Rufo Fernandez, ademas de en sus ojos, tambien llevaba la mina en sus pulmones.
Se apartaron del camino de Riofarta y tomaron un sendero estrecho, que cruzaba las frondas de Cueto Moran.
Ante ellos se alzaba, sobre las matas de los ligustros, los eucaliptos erguidos hacia un cielo que empezaba ya a clarear.
El barro recibia sus pasos y los enterraba despues. Aquellos hombres iban esparciendo sus huellas siempre por los mismos leganales.
Pronto aparecieron los prados llamados de Rocellanos. La explotacion del carbon de toda aquella zona habia sido cedida por Lazaro Alonso al marques de Comillas. Desde la muerte de Lazaro, su viuda, Dulce Nombre de Maria, recibia los arriendos de la Compañia de Minas del Norte.
A las siete de la mañana todos los picadores, paleros y vagoneros debian estar en sus puestos de trabajo. Siete horas y media de fatigas. No contaba el tiempo desde la bocamina hasta el tajo. Desde Casares y Pedregal algo mas. De Santibañez, a dos horas de camino, venian pocos.

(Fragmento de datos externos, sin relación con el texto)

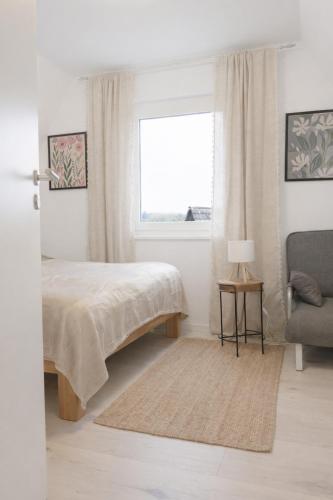a bedroom with a bed and a chair and a window at Ferienhaus Seeblick Westerwald in Mengerskirchen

En San Roque habia dos bocaminas (la Nueva y la Vieja o de los Raposos). Cada una constaba de la galeria principal, que descendia en suave pendiente, y varias galerias transversales, algunas de las cuales comunicaban la Mina Nueva con la Mina Vieja. Esta ultima tenia galerias hasta de un kilometro.
Todo era como un bostezo amargo de la tierra verde.

Las gentes del lavadero (ancianos, mujeres y niños) entraban una hora mas tarde y salian casi al oscureceer, cuando entraban los entibadores o mamposteros. Por la noche realizaban su faena barrenistas y dinamiteros.
El capataz, Avelino Llaneza, iba contando las lamparas y los mineros se iban perdiendo, con traviesas y railes, entre cuadros de madera que sujetaban la tierra pizarrosa.
A Eliseo Fernandez, cuando entraba en la mina, se le ocurrian versos muy estimables, pero como no podia anotarlos acababan siempre por olvidarsele.
-Te quiero con melancolia y le pido al cielo que nos una antes de que mi fuerza decrezca, antes de que se marchite mi gracia. Mientras, guardare tu suspiro bajo esta tierra que me amenaza la vida.
Al final de la galeria, cada picador subia a su rampa, donde tenia el corte la veta. Con el pico se iba arrancando el carbon que caia rodando a la galeria. Alli los paleros lo iban cargando en las vagonetas tiradas por mulas que conducian los vagoneros.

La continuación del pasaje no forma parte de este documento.